Does the government believe in the Constitution? – Judge Andrew P. Napolitano
Why the FBI’s Spying on Americans is Unconstitutional
The Fourth Amendment Protects All People
Last week, the FBI revealed that their agents had spied on 120,000 Americans without search warrants in 2022. This number should be zero, as the Constitution protects the right to be left alone. Unfortunately, the FBI and the National Security Agency continue to violate this core freedom.
The reason for the FBI’s revelation is the pending expiration of Section 702 of the Foreign Intelligence Surveillance Act. This section is unconstitutional as it contradicts the Fourth Amendment, which protects the right to be secure in one’s person, house, papers, and effects.

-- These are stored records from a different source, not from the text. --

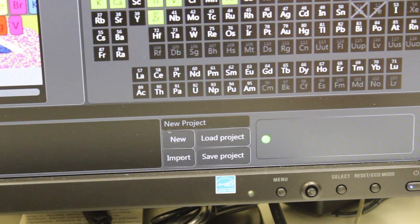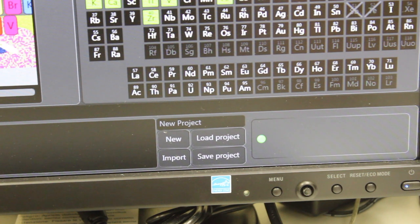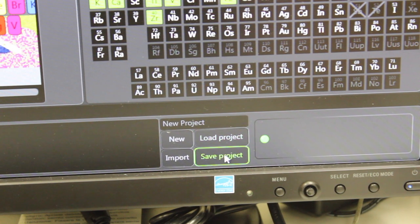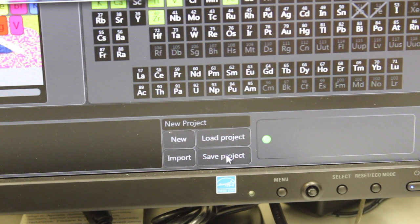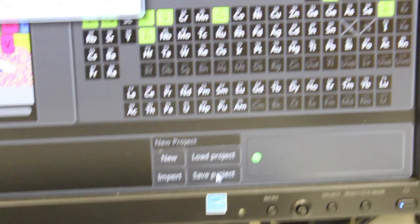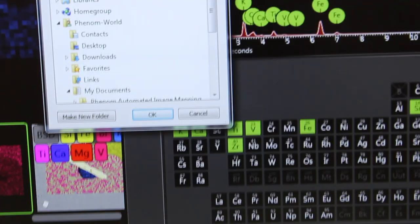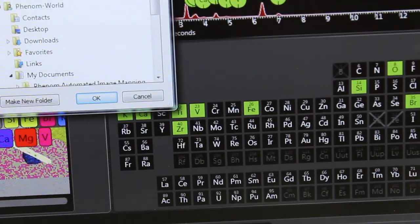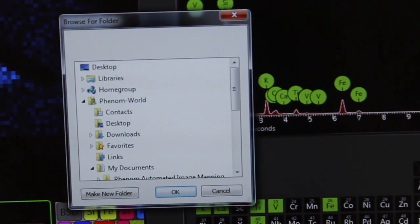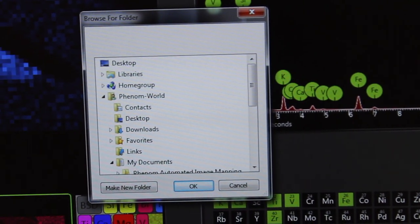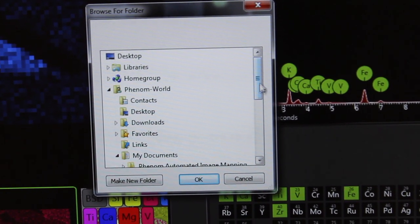To save your data, make sure that you go to the bottom of the screen and click Save Project. It will bring up a window here that will allow you to choose where to save your project.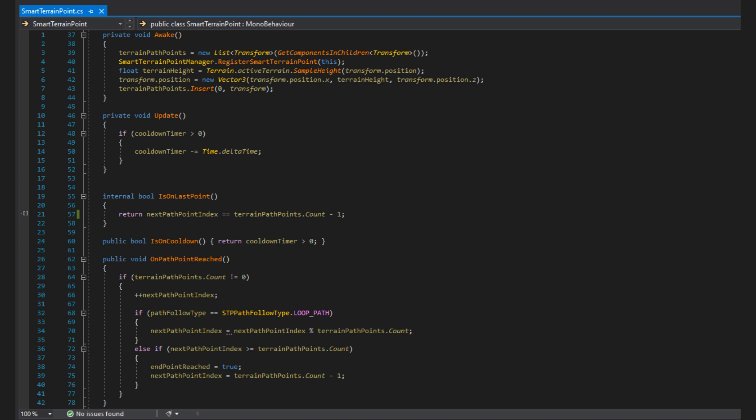In Update, all we do is check if the cooldownTimer has been set and is greater than 0, and if it is, we decrement it by time.deltaTime. You'll often see tutorials that have both a timer and a boolean to set something on cooldown, but we can avoid using the boolean entirely as simply checking if the cooldown is not 0 acts like our boolean, and avoids having to keep track of the bool's state.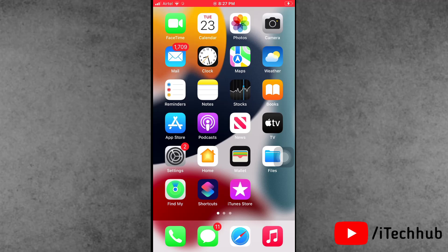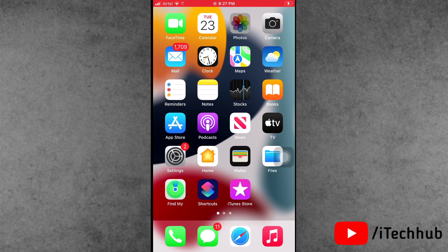Hello guys, welcome back to iTechHub YouTube channel. My name is Dhruvin. Recently, Apple launched the iOS 17.3 update for iPhone and iPad users.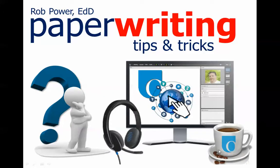Hi, everybody. My name is Rob Power. I'm a mobile learning researcher and I'm also an adjunct professor of educational technology with the University of Ontario Institute of Technology.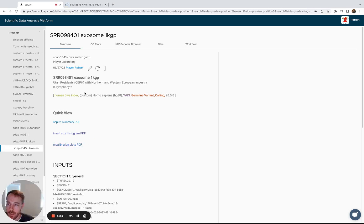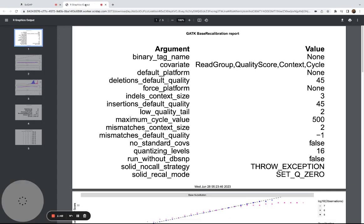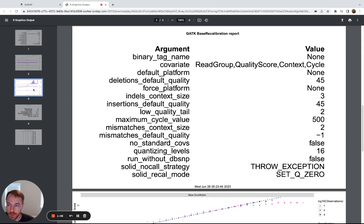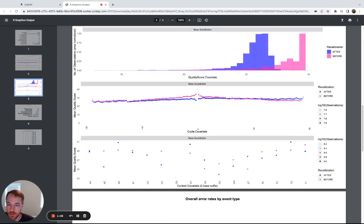Second contains some summary reports for the base quality score recalibration steps.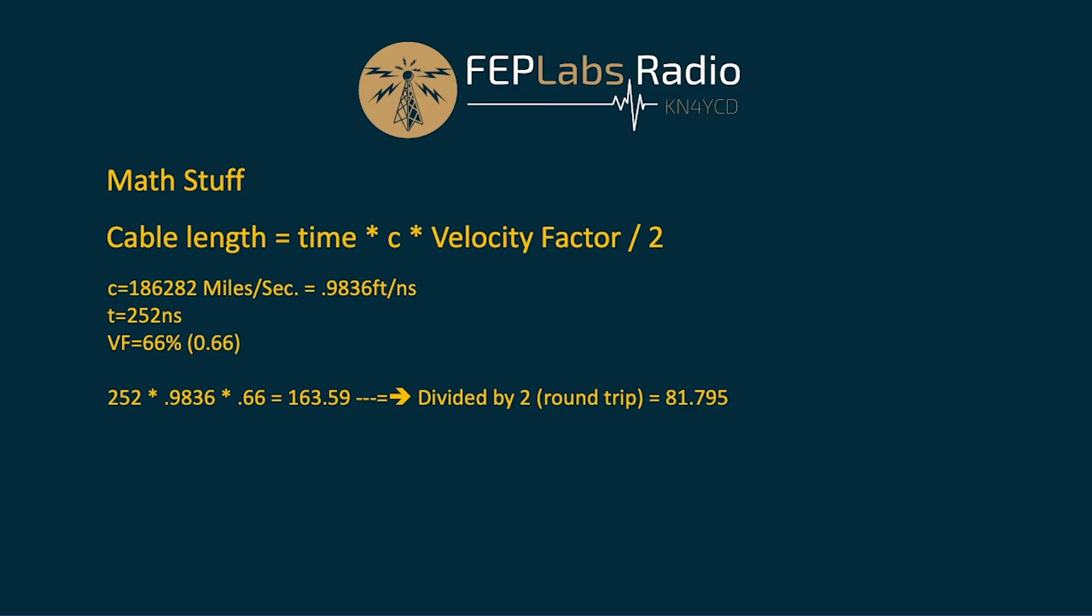So our calculation is pretty straightforward. It's just really a multiplication at this point. 252 nanoseconds, our speed of light in feet per nanosecond .9836 times .66, our velocity factor yields 163.59. We divide that by two to account for our round trip and we get 81.795. So that's the length of the cable. 81.795 feet long.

The amendment requires a search warrant issued by a neutral judge based on probable cause of crime.
Section 702 permits the feds to conduct warrantless surveillance on foreign persons who are either physically or digitally present in the United States and all with whom they communicate. This means that the FBI can monitor all communications without a search warrant, including future calls, texts, and emails.
The Fourth Amendment was created to prevent a repeat of what British agents did to the American colonists before the Revolutionary War. Secret British courts in London issued general warrants to British agents in America, which authorized the bearer to search wherever he wished and seize whatever he found. The British used these warrants to search colonial homes ostensibly looking for tax stamps in compliance with the Stamp Act, but they were really attempting to predict who among the colonists entertained revolutionary ideas that might lead to a revolt against the king.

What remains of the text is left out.